[[ Material provided open ]]

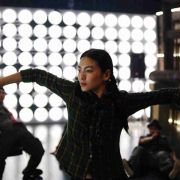 Tiao Chu Qu - galeria zdjęć - filmweb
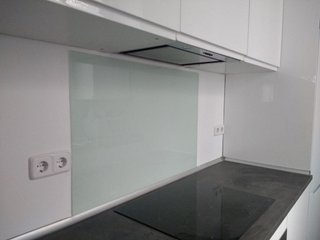 Piso en alquiler en Ciudad Jardín en Madrid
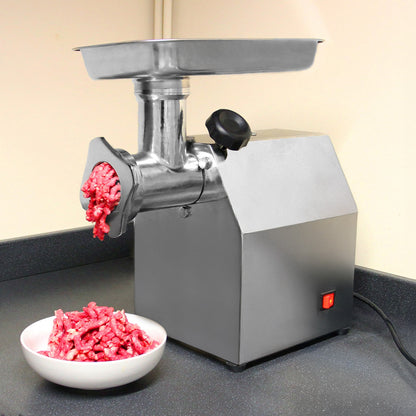 KuKoo Commercial Meat Grinder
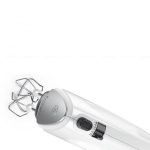 همزن برقی بوش مدل BOSCH MFQ25200 - تصویر 4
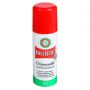Оружейное масло Ballistol spray 50 ml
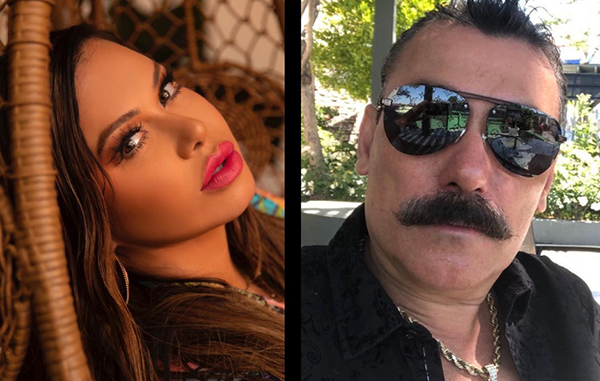 chapo-sinaloa-critica-machismo-chiquis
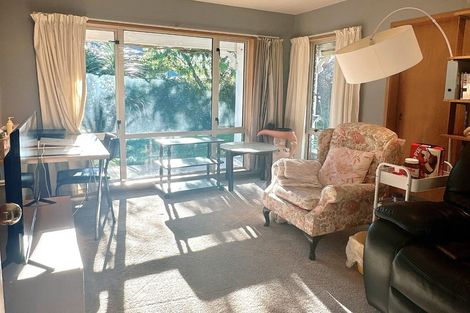 Photo of property in 12 Rempstone Drive, Halswell, Christchurch, 8025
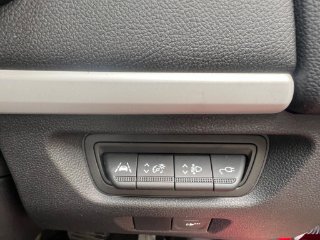 /photos/7587/52f17311-99e0-4b8c-a363-7919b96d0bad_i320x240.jpg
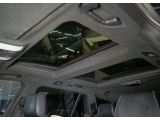Mercedes-Benz E-Klasse bei Reisemobile.expert - Abbildung (13 / 15)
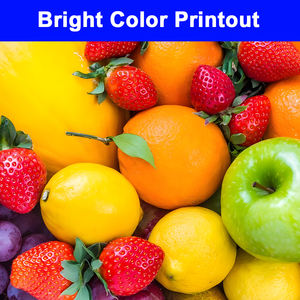 Cartucho de tóner de color compatible HP Pro M476 312A CF380A CF381A CF382A <span class=keywords><strong>CF383A</strong></span> para uso en oficina - Product Image 3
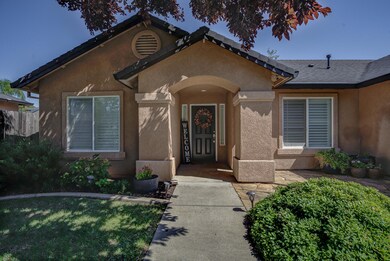 3491 Mearn Ct, Redding, CA 96002 - photo 5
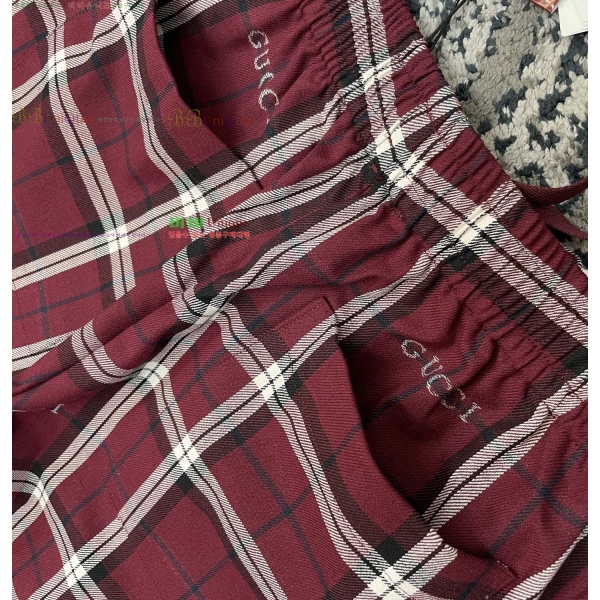 ���� ���� ��Ʈ GU283419-1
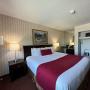 King Guestroom King Guestroom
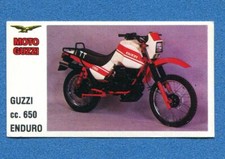 Motor show baggioli usato  Maranello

[[ Material provided closed ]]

Take the line that contains "Mercedes-Benz E-Klasse bei" and every line after it up to the end of the records above, and restate them exactly, without the pictures.

:: Finished exercise ::
Mercedes-Benz E-Klasse bei Reisemobile.expert - Abbildung (13 / 15)
 Cartucho de tóner de color compatible HP Pro M476 312A CF380A CF381A CF382A <span class=keywords><strong>CF383A</strong></span> para uso en oficina - Product Image 3
 3491 Mearn Ct, Redding, CA 96002 - photo 5
 ���� ���� ��Ʈ GU283419-1
 King Guestroom King Guestroom
 Motor show baggioli usato  Maranello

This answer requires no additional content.